When the show held its first-ever auditions in the West Bank in March, the lure of making it big was too tempting for Mousa and Khalaily to worry about borders.

They, and other young Arab singers in Israel, drove past Israeli military checkpoints to stand in line with hundreds of Palestinians for videotaped auditions. Mousa, Khalaily and two dozen others advanced to the next round in Beirut the following month.

The Israeli-Lebanese ceasefire line is sealed, so the two used their Israeli passports to cross into neighboring Jordan where they boarded a plane for Beirut. At the Lebanese airport, they presented travel documents that the Palestinian Authority in the West Bank issued them especially for the trip, a Palestinian interior ministry official said.

In Beirut, they passed all three rounds of auditions and were chosen to be among the 26 final contestants from around the Arab world - the first time Palestinians fron 1948 areas have ever been selected for the show.

After Mousa and Khalaily returned to Israel in May to wait for the show’s taping, Israel’s Shin Bet intelligence service summoned them for interrogations about their travel, their families said. Their Israeli passports were confiscated and they were told the passports would be revoked for up to three months, the families said. Through the help of rights groups, their passports were returned within days, Mousa’s family said.

Israel has sentenced Palestinians with Israeli citizenship in the past on charges of traveling abroad to conspire with militant groups for attacks against Israel or to fight alongside rebels in Syria.

The same month the two singers traveled to Lebanon, Israel arrested a 23-year-old Palestinian journalist returning from a conference there. Officials initially thought he was recruited by militants but later dropped the suspicion.

Travel to Lebanon is punishable under Israeli law by four years in jail or paying a fine, said Aram Mahameed, a lawyer from the Arab-Israeli rights group Adalah, whom Khalaily’s family consulted after the contestant was interrogated.

“It is a law against the Arabs in Israel to disconnect them from other Arabs in the Arab countries,” said Mahameed.

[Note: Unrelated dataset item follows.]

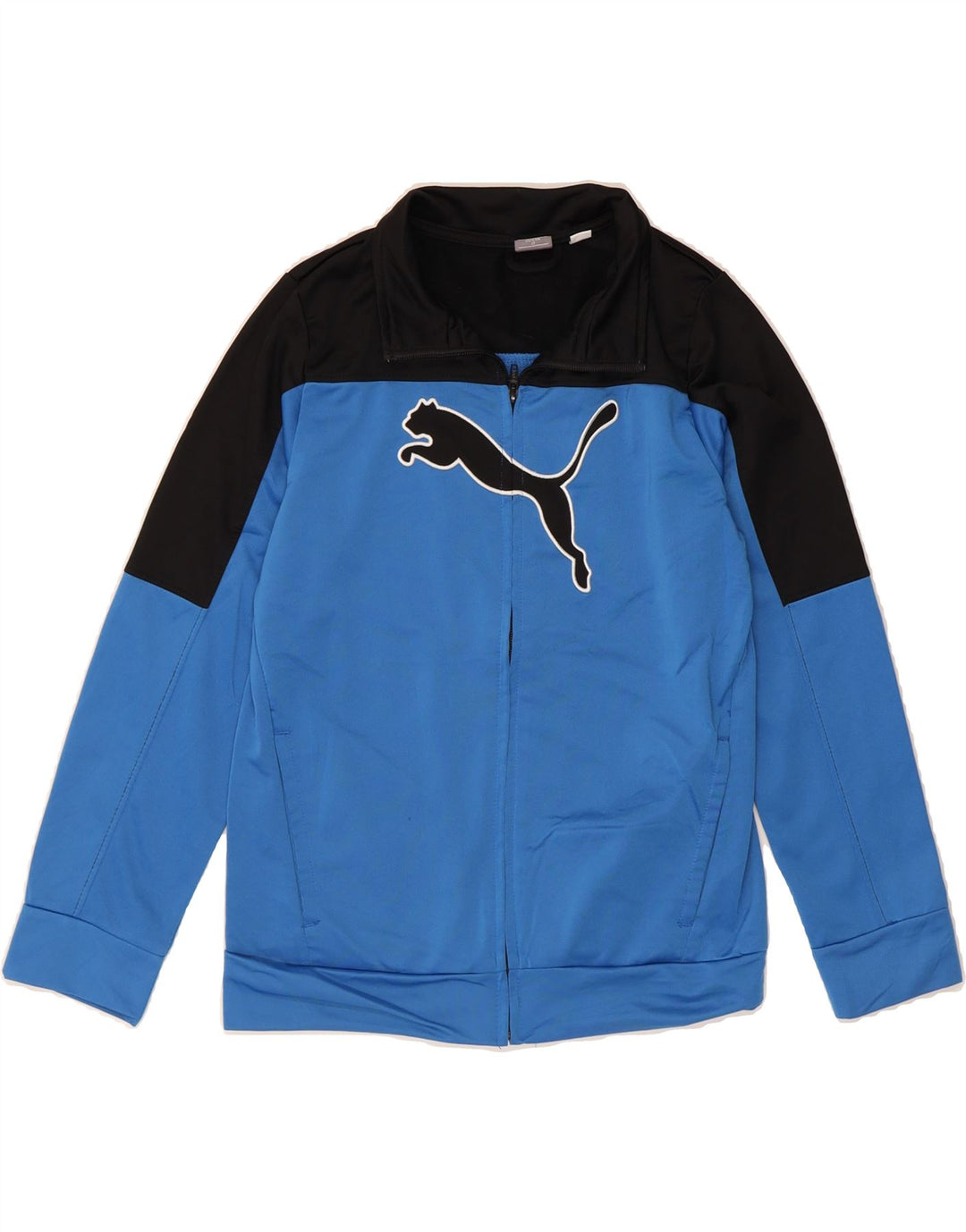 PUMA Boys Graphic Tracksuit Top Jacket 11-12 Years Blue Colourblock Vintage Puma and Second-Hand Puma from Messina Hembry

Mousa and Khalaily are now in Beirut taping the show, which is airing weekly on the Arab satellite channel MBC. Show producers said in a statement that contestants were unavailable for media interviews due to “exhausting preparations and tight production deadlines.”

Last year, Lina Makhoul, a Palestinian from 1948 areas, won on the Israeli TV singing show The Voice, but her success has been confined to Israel. By contrast, when Mohammad Assaf, a Palestinian from Gaza, won Arab Idol last year, he catapulted to fame, and he continues to perform before Arab audiences throughout the Middle East, the United States and Europe.

Mousa’s sister, Sabren, said her family feels “100 percent” Palestinian.

“We live in Israel that was originally Palestine. I feel very proud ... that we did not give up our lands,” she said from their home in the Galilee village of Deir Al Assad in northern parts of the 1948 areas.

Though some fans in the contestants’ home base know by word of mouth that they live in Israel, viewers wouldn’t know by watching the show.

Banners on the screen label them as hailing from Palestine, and the show makes no reference to their connections to Israel.

In a recent episode, Mousa sang a Palestinian ballad wearing dark red lipstick, a traditional Palestinian embroidered dress, and a headband of dangling coins.

“I salute the Palestine inside you,” said Lebanese singing heartthrob Wael Kfouri, one of the judges.

“You’re telling people that the voice of Palestine will reach the whole world,” said another judge, Egyptian composer Hassan El Shafei, as the studio audience applauded and Mousa’s eyes filled with tears.